● About this exercise: Find the line in the entries below that contains "精致干练短发女明星是谁". Repeat it exactly, and every line after it through the line that contains "Apparato Cardiocircolatorio: Riassunto".

● Supplied information:
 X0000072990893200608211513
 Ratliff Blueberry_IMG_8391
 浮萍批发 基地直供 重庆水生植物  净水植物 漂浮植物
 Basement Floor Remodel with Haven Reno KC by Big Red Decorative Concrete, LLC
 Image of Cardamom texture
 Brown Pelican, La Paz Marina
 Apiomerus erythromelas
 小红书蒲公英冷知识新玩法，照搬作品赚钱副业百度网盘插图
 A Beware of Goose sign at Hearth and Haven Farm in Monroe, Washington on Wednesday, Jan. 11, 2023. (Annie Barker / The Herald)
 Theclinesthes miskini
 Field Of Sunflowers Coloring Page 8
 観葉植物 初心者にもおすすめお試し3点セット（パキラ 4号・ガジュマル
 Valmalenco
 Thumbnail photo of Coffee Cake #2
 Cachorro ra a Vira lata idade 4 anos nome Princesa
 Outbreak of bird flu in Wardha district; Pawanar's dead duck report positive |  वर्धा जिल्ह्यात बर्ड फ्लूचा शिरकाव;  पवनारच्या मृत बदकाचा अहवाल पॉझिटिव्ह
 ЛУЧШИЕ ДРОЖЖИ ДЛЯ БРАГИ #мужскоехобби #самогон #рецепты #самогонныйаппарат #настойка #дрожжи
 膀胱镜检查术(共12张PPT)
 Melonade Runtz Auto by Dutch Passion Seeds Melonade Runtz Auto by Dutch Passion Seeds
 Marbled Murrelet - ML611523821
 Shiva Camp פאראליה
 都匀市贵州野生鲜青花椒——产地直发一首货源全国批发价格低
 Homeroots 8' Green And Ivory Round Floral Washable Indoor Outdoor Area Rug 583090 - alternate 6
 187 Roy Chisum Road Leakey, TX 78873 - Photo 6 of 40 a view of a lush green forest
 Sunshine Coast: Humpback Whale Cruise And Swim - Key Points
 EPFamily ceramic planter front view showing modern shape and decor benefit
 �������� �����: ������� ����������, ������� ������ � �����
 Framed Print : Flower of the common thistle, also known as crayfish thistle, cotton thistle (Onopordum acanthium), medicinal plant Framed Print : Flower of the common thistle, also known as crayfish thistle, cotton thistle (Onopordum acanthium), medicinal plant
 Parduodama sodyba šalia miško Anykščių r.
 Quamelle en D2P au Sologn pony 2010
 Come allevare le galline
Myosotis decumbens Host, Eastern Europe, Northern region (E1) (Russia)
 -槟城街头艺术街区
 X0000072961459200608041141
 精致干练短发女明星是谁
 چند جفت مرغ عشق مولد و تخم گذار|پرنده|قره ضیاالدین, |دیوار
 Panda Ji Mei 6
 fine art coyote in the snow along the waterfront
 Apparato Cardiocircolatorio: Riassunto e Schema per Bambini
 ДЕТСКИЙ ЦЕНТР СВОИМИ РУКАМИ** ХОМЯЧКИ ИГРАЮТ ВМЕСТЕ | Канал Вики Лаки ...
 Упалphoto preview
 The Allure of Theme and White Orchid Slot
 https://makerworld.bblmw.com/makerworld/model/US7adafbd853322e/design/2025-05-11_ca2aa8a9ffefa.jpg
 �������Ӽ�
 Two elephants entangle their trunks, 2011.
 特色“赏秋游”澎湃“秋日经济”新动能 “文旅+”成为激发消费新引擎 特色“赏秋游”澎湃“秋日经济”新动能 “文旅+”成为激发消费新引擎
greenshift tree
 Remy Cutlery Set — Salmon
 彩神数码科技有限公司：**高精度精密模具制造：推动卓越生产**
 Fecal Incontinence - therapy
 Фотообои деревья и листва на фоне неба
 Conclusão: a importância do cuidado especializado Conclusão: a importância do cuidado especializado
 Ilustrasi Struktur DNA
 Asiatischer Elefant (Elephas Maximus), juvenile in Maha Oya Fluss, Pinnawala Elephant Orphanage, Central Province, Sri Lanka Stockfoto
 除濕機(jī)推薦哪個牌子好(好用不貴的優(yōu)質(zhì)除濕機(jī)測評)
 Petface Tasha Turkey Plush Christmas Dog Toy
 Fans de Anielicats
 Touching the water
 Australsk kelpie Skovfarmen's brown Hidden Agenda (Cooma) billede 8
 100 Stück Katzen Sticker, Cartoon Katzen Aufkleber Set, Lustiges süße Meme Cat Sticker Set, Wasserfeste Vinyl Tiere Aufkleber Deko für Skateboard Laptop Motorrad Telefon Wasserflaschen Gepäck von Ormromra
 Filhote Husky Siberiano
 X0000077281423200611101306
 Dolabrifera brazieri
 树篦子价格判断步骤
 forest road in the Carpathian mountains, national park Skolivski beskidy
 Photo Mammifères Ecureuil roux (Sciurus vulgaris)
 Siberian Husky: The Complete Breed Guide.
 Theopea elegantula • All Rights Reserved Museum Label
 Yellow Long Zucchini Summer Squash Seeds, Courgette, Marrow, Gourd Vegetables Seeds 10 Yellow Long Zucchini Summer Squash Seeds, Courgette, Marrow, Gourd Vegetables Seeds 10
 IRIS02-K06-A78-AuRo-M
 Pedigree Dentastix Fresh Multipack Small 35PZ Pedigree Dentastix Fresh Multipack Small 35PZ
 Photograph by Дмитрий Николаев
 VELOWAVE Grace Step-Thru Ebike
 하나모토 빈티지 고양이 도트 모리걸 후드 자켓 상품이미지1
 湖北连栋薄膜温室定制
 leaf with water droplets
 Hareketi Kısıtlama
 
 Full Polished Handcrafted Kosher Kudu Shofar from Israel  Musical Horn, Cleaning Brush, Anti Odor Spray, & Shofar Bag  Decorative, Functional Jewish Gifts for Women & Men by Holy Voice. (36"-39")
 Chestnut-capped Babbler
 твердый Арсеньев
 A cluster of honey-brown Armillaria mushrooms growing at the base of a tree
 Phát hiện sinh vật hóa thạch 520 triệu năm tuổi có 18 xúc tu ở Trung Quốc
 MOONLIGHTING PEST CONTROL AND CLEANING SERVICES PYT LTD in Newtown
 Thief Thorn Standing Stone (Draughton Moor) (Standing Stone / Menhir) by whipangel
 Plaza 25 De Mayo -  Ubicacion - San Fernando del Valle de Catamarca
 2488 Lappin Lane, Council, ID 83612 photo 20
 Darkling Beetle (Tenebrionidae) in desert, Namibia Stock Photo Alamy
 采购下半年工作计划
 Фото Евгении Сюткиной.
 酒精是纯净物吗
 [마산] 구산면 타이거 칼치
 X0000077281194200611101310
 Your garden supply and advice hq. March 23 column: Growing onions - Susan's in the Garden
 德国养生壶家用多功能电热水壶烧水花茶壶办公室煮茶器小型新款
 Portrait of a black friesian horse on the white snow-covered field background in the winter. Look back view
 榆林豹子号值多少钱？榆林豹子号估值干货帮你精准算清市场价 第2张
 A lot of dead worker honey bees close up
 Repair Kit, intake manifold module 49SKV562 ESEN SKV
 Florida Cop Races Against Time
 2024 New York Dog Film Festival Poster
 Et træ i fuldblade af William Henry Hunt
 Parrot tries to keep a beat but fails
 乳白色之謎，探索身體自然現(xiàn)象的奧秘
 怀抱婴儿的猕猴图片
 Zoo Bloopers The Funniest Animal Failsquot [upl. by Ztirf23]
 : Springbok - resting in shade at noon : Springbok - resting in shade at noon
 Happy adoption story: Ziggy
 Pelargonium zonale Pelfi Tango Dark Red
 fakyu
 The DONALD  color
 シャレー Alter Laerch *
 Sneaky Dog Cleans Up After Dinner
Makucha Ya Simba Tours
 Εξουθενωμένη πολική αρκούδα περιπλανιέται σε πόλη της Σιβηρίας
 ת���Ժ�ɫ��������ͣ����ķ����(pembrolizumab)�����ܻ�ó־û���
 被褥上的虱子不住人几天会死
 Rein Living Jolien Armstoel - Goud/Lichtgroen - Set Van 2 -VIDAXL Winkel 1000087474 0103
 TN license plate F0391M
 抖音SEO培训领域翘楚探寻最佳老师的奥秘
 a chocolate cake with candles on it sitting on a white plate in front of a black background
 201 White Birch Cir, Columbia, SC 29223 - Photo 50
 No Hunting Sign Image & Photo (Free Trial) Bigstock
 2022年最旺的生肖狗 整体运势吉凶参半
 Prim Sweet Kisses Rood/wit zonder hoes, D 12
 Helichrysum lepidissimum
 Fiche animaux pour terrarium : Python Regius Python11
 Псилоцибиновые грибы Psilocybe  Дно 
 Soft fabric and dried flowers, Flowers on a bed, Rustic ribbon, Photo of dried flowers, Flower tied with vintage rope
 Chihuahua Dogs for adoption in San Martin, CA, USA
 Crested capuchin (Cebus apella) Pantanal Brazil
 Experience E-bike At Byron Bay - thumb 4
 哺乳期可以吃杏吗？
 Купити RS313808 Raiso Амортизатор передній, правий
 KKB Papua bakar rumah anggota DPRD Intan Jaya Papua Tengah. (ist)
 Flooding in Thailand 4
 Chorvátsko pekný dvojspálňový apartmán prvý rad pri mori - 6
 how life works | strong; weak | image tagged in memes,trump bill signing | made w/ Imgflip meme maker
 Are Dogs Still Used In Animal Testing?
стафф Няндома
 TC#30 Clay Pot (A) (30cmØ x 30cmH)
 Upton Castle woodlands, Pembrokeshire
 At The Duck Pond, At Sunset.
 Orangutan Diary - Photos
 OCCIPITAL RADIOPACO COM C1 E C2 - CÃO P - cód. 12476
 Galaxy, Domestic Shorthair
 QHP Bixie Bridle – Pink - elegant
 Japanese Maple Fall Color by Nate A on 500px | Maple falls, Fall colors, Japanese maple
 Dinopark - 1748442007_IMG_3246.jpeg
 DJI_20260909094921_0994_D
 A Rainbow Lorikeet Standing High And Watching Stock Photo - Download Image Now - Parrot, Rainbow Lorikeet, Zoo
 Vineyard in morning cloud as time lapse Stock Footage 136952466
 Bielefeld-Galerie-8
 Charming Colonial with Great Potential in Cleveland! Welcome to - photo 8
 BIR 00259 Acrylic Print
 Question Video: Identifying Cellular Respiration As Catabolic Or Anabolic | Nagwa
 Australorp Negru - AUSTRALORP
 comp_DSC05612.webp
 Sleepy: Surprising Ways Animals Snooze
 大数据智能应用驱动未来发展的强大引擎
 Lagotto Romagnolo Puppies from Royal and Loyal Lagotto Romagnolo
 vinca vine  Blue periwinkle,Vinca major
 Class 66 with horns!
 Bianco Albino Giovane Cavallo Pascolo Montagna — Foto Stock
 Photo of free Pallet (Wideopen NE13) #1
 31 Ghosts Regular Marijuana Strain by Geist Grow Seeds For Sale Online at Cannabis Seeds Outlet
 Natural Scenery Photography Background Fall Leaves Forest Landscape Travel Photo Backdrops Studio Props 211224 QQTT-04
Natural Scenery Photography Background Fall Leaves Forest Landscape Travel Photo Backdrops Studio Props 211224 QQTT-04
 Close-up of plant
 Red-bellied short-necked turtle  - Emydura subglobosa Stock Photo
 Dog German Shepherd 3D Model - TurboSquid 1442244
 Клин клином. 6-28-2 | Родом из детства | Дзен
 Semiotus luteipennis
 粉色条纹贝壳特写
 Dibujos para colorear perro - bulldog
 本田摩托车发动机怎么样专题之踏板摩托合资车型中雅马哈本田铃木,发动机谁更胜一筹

● Expected output:
 精致干练短发女明星是谁
 چند جفت مرغ عشق مولد و تخم گذار|پرنده|قره ضیاالدین, |دیوار
 Panda Ji Mei 6
 fine art coyote in the snow along the waterfront
 Apparato Cardiocircolatorio: Riassunto e Schema per Bambini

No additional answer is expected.